- Dec 23, 2008
The root of the problem
For a long time now we have tried to believe in supply side economics (also known as Reganomics, closely related to the trickle-down theory).
Cut taxes and/or interest rates, which means people will have more money or borrow more (respectively), which they will in turn spend, and that spending will make the economy grow. Bush Jr. gave tax-payers not just a break, but a refund, calling it a "stimulus". This apparently did not work, because only a few years later we were at the point of handing billions of tax money over to major corporations.
The very idea that stimulating consumption can help the economy is flawed.
The goal is to increase the total amount of value circulating in the economy.
We want constant growth.
Setting aside for the moment the logical, ecological, and spiritual problems with never-ending growth, it is fairly straight-forward that consumption alone does not create anything.
Imagine several ship-wrecked survivors on a tiny deserted island. They have the luggage they brought with them, but nothing else.
Imagine they find some rare, beautiful shells, and decide to work out a system of representative currency using these shells.
It doesn't matter how much these shells are traded, saved, or spent. There is still the same amount of total value on the island.
No amount of consumption is going to increase the overall material holdings of the survivors. The only way any one person can amass anything more than they started with is at the expense of someone else.
As manufacturing has moved over seas, and produce is increasingly imported, we have moved to a service and finance based economy.
Nothing new is created by a service.
The finance industry is literally nothing more than moving virtual money - a placeholder for actual wealth - around, and skimming a transaction fee off the top.

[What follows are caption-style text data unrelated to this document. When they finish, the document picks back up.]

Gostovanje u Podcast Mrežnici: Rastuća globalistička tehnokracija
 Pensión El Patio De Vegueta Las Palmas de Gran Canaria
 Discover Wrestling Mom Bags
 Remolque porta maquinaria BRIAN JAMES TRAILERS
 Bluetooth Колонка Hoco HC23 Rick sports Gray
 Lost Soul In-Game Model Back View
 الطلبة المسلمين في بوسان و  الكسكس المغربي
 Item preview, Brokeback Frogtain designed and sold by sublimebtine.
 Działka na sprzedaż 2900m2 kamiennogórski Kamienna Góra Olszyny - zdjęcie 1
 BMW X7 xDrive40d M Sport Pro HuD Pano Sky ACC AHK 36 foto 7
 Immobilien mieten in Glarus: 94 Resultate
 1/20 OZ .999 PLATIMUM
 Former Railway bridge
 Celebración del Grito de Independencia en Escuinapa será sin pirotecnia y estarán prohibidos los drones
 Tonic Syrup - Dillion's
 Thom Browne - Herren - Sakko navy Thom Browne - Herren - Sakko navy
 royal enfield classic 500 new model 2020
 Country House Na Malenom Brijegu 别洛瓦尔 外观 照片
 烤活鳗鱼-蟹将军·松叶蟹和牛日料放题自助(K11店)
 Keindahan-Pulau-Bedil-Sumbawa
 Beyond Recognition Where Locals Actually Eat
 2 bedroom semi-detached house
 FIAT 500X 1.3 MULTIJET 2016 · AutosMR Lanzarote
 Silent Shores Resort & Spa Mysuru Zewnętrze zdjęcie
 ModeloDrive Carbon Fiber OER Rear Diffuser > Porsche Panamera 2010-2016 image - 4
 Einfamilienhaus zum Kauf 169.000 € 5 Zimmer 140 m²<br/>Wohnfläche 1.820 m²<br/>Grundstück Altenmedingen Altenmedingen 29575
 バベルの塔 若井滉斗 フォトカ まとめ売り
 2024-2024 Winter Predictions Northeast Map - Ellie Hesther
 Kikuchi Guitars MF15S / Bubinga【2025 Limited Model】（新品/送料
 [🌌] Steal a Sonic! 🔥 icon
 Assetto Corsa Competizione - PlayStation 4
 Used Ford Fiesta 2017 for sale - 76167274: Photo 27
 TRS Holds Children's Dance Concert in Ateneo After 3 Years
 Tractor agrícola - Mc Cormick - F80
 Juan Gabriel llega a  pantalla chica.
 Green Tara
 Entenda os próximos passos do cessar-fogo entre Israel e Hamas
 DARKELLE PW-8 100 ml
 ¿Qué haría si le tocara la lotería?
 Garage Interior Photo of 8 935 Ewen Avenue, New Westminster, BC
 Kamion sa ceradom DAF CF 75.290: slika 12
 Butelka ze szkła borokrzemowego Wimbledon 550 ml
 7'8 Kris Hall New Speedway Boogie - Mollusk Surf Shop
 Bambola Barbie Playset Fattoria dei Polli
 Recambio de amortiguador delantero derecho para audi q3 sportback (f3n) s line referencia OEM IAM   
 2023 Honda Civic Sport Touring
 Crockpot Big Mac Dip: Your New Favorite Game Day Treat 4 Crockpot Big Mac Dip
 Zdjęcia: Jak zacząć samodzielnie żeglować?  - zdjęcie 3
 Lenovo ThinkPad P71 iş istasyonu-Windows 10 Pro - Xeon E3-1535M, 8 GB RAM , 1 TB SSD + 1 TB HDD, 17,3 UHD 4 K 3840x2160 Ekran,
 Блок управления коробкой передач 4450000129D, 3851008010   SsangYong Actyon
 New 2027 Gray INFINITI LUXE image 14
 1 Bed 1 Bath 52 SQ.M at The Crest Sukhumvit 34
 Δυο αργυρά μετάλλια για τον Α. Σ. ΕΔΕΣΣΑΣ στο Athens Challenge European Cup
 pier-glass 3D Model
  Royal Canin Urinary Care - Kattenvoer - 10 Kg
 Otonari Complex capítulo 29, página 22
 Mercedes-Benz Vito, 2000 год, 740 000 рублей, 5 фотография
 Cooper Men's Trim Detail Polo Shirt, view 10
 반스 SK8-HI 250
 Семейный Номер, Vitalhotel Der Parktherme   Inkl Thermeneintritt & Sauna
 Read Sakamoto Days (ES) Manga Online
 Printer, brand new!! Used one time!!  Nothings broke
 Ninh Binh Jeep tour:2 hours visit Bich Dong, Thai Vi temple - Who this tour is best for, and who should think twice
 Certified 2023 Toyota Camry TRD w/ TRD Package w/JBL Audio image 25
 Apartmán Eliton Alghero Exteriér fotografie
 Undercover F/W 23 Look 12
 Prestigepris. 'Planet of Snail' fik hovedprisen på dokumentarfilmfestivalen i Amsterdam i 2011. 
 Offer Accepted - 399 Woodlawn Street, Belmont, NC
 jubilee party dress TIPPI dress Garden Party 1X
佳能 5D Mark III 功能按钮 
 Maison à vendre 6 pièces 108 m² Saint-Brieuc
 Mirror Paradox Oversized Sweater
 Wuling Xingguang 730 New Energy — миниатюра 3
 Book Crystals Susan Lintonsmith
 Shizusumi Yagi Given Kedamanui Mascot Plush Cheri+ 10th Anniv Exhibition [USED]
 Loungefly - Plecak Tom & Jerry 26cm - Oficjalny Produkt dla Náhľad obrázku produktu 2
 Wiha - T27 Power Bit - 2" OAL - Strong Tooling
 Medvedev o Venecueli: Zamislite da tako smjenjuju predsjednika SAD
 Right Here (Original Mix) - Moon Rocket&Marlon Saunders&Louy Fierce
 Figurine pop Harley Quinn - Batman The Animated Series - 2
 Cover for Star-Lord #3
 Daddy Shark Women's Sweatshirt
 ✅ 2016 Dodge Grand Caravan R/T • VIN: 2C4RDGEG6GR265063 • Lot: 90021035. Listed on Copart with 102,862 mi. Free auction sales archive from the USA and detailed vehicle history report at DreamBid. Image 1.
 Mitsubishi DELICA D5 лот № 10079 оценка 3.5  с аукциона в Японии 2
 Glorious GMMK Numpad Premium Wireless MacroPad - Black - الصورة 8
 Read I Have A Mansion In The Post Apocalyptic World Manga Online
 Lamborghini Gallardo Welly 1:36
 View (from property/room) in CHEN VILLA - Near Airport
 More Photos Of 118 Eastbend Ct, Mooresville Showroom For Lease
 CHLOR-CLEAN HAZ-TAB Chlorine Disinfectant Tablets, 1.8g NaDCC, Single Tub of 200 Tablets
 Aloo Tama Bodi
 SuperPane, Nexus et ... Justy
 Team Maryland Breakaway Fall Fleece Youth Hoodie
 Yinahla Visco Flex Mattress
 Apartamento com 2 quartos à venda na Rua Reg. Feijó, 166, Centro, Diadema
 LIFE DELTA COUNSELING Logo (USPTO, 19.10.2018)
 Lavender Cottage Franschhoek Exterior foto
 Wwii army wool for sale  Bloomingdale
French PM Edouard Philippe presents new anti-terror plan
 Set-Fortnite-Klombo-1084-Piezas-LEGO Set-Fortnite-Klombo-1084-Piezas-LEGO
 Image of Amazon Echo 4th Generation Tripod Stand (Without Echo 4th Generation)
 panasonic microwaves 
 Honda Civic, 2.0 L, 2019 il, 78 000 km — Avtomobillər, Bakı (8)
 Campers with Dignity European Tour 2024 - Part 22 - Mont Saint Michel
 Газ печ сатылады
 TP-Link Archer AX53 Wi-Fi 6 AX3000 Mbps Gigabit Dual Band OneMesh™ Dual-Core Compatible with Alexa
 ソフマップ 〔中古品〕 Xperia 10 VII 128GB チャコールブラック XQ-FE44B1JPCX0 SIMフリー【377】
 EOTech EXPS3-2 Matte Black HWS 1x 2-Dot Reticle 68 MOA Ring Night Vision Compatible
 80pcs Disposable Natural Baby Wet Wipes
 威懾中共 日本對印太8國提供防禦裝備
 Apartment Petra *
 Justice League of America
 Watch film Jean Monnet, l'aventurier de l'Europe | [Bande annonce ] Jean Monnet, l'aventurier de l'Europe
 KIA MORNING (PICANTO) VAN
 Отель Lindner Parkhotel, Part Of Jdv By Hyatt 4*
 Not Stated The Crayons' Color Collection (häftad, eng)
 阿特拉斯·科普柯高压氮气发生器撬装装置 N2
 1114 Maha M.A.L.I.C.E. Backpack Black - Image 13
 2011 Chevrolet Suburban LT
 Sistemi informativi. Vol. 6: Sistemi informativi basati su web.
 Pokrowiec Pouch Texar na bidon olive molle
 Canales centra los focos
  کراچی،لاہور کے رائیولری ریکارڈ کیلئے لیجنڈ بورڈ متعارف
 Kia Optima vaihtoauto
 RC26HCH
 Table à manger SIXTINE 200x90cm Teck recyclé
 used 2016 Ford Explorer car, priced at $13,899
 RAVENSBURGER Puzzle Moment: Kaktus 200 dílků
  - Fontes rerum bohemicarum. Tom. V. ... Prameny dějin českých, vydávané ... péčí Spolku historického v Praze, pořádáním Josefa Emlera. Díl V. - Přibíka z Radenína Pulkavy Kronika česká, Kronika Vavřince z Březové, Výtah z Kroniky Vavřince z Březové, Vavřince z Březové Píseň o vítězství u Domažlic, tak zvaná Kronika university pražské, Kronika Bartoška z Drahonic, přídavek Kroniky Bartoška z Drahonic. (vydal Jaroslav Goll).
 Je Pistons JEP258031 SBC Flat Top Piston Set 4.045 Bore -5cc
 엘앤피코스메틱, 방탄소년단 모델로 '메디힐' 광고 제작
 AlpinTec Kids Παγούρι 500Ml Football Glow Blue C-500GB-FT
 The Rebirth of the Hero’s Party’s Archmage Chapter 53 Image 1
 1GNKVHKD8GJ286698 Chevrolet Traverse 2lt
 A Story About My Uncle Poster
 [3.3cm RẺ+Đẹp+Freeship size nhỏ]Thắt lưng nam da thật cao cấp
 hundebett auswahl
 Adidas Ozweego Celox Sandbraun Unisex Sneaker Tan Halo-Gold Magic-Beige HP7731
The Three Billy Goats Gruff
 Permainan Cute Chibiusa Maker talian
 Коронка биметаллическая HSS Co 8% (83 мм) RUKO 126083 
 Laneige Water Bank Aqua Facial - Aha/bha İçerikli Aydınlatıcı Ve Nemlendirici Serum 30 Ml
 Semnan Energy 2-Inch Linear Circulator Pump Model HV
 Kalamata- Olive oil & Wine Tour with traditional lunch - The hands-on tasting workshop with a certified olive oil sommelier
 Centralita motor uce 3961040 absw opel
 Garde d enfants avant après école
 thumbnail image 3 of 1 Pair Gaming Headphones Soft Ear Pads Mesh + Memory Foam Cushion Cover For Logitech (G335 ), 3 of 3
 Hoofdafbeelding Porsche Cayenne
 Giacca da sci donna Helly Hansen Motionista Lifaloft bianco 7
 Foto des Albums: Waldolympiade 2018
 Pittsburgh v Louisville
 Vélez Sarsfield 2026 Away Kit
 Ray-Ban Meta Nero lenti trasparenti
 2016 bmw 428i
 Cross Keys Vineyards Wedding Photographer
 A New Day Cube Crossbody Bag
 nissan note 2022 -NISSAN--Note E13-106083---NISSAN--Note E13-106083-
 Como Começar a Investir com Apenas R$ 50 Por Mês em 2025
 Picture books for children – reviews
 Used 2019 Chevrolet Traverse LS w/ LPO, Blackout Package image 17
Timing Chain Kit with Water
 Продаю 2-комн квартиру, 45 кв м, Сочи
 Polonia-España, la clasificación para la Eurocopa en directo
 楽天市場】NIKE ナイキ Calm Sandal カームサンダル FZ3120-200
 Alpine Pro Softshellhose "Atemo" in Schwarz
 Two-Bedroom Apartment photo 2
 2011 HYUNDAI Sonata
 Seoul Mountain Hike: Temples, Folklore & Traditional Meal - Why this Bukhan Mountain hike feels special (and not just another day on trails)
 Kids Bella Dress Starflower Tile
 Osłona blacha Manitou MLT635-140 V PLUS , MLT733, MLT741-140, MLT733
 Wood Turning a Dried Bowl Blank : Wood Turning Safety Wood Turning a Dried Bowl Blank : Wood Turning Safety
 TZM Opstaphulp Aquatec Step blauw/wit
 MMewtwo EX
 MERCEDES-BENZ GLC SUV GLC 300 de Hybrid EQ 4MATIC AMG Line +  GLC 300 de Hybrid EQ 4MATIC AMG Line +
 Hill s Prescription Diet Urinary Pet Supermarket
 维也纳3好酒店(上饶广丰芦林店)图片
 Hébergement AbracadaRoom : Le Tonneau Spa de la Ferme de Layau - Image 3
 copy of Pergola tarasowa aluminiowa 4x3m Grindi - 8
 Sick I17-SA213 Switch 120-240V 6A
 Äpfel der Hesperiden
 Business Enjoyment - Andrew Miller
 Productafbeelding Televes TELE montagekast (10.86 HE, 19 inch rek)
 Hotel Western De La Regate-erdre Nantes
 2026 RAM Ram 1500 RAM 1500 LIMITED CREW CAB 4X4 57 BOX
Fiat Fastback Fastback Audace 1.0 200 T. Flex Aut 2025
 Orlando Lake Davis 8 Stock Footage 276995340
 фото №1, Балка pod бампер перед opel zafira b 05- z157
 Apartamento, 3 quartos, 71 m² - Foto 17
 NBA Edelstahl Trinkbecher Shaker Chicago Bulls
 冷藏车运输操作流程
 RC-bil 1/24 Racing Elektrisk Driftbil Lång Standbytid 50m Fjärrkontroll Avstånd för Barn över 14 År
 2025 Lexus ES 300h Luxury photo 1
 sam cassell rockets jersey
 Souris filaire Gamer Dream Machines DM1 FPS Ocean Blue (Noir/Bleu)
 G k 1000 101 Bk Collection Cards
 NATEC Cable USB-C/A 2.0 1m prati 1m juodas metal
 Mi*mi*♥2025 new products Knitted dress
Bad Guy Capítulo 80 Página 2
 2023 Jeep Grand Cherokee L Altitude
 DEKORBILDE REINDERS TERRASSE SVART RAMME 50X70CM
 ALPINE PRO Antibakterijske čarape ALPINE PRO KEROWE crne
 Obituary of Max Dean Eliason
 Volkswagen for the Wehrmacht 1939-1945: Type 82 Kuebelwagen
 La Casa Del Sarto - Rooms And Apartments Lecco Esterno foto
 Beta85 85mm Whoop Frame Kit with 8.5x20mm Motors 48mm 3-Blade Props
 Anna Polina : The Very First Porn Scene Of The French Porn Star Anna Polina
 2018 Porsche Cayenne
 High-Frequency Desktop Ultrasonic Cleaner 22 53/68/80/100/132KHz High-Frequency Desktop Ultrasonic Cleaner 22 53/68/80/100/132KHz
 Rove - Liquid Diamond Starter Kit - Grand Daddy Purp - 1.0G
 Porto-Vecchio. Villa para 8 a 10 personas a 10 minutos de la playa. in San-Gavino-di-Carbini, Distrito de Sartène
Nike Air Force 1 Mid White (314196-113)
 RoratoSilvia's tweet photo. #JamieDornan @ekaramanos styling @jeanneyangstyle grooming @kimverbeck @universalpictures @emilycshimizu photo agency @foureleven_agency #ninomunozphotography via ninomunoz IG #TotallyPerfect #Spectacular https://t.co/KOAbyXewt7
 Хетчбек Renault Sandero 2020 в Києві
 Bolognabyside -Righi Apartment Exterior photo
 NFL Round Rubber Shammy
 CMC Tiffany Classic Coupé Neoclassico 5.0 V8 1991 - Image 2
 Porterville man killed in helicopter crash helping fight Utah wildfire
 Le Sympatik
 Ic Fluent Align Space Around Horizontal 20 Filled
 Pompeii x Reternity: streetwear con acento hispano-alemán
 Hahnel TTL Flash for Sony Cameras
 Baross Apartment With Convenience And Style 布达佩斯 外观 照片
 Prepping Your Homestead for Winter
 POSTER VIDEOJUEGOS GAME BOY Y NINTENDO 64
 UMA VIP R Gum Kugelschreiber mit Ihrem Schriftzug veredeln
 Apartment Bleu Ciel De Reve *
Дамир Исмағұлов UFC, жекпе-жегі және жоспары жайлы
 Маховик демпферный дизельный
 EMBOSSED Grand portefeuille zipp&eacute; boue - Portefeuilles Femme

Imagine one of our survivors loaning the worthless shells to another survivor, with a one shell per 100 interest rate, though there is nothing of any real value to buy.
Both the borrower and the investor still have no food, no clean water, and no shelter.
Perhaps one day someone comes across an enormous pile of shells, and places them into circulation.
You could say the total worth of our survivors has just increased - but obviously it doesn't mean anything. In fact, now that they aren't rare, each shell is worth that much less.
This is EXACTLY what happens every year, when the government literally prints up new money which is not tied to any actual increase in production.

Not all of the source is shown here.